# PROBLEM STATEMENT:
Leaving out pictures, output exactly the lines below from the one that has "Plato De Papel" through the one that has "Athleta Cloudlight Rib", and nothing else.

# DATASET EXCERPTS:

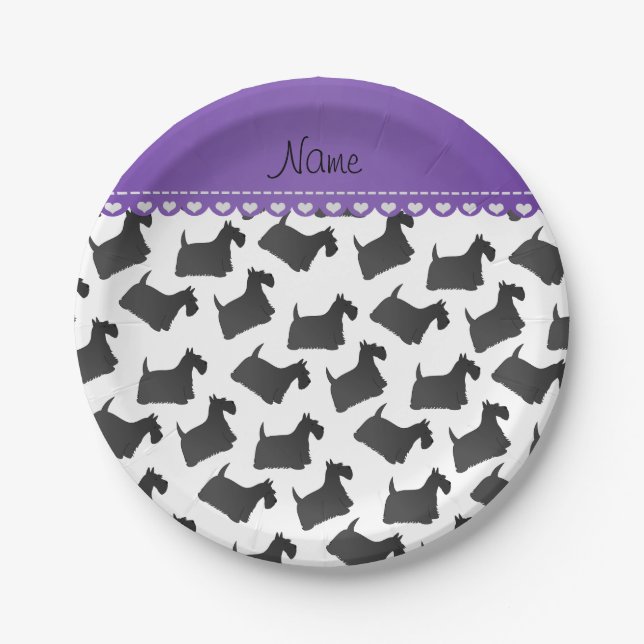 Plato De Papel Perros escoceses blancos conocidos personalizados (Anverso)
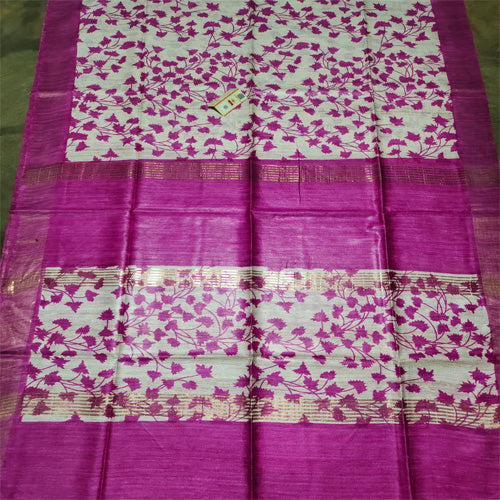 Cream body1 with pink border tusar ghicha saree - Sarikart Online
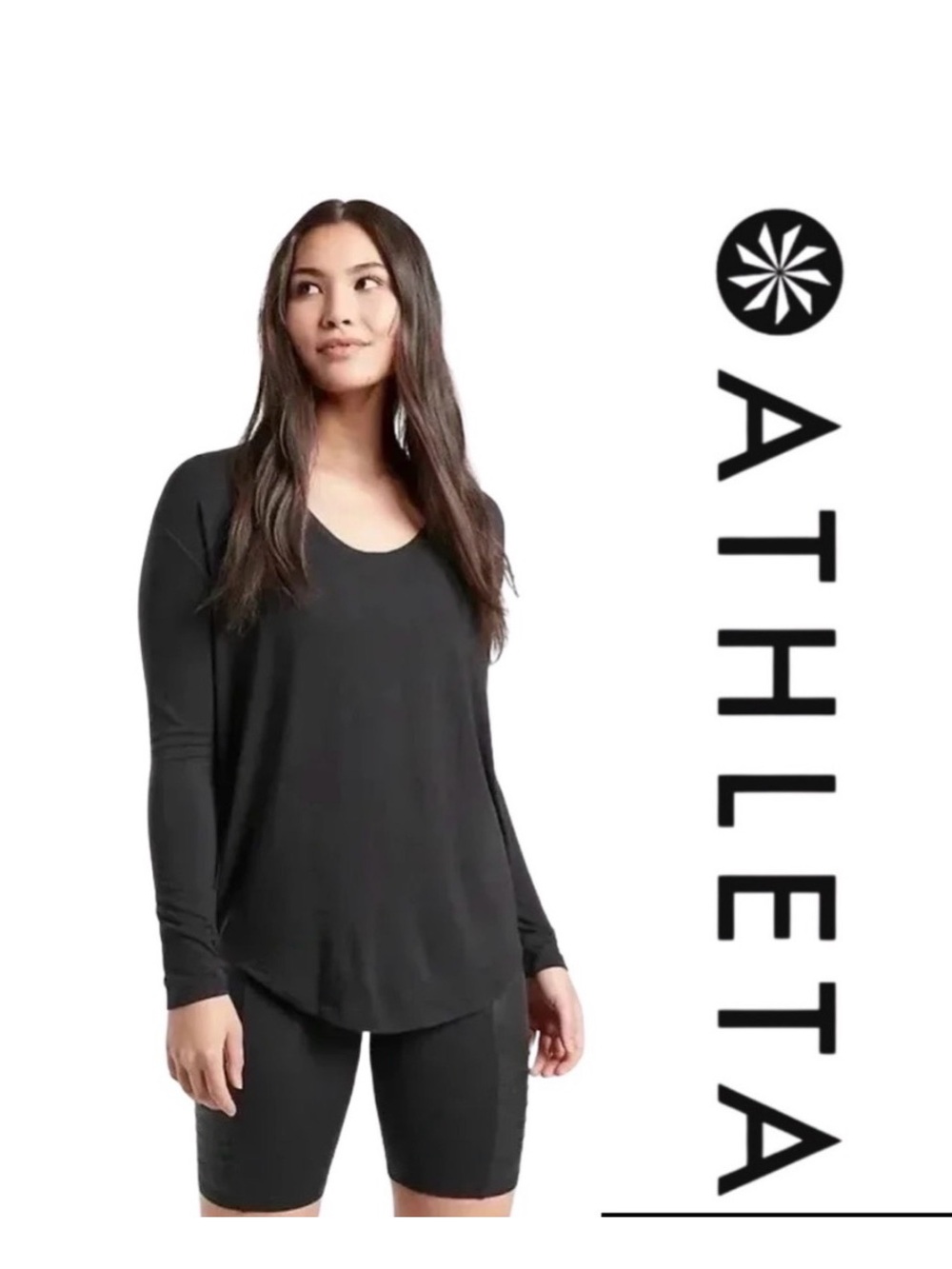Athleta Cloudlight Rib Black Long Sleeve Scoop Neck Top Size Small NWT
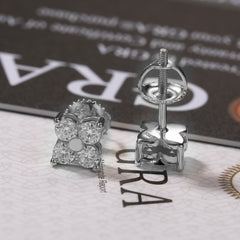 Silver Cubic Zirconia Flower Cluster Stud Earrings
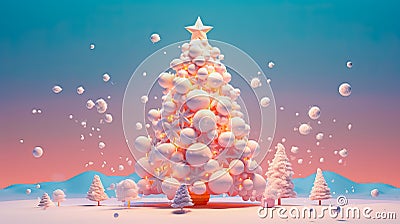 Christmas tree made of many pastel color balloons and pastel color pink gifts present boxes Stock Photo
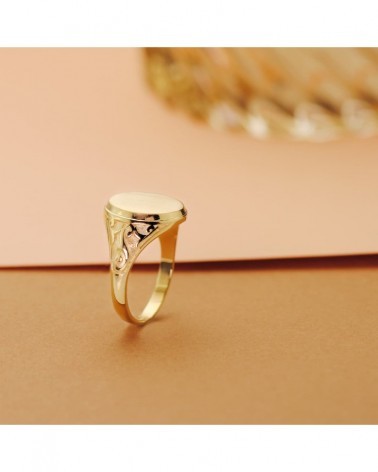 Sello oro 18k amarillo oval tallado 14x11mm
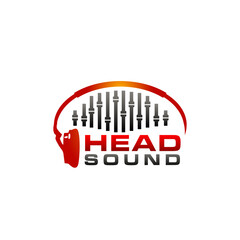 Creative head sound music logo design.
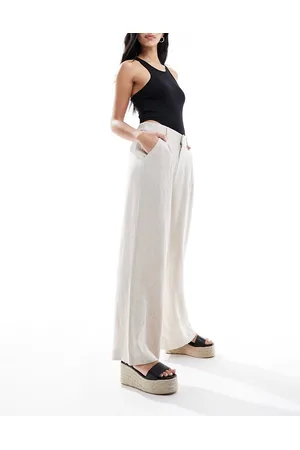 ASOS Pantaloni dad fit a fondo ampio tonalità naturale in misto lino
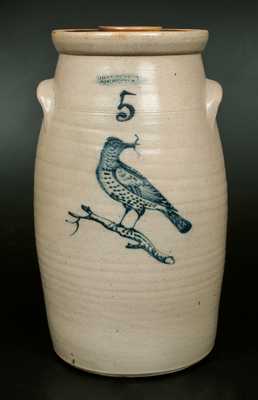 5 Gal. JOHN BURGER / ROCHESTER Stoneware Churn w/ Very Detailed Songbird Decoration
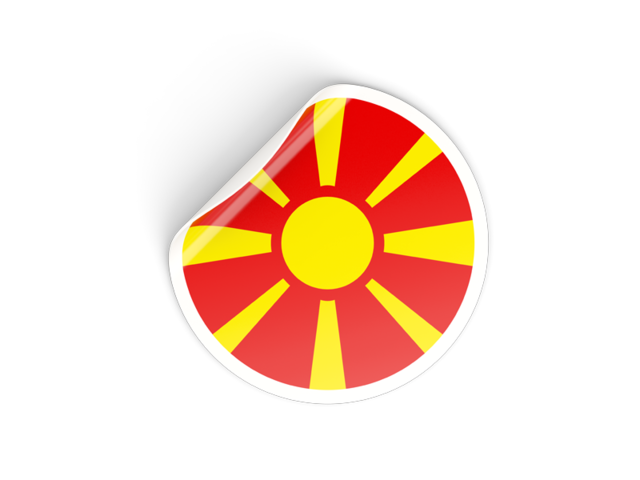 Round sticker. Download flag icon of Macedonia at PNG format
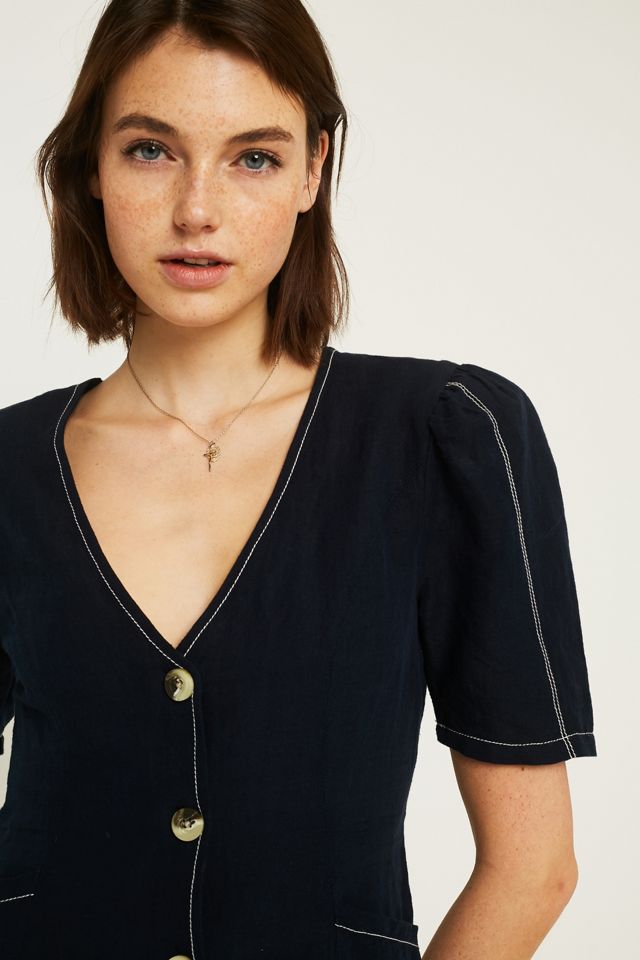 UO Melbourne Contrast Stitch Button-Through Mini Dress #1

--

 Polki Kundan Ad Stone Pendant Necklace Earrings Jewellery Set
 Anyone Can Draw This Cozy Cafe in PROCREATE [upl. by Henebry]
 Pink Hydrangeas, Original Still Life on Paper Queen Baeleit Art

# ANSWER SPACE:
 Plato De Papel Perros escoceses blancos conocidos personalizados (Anverso)
 Cream body1 with pink border tusar ghicha saree - Sarikart Online
Athleta Cloudlight Rib Black Long Sleeve Scoop Neck Top Size Small NWT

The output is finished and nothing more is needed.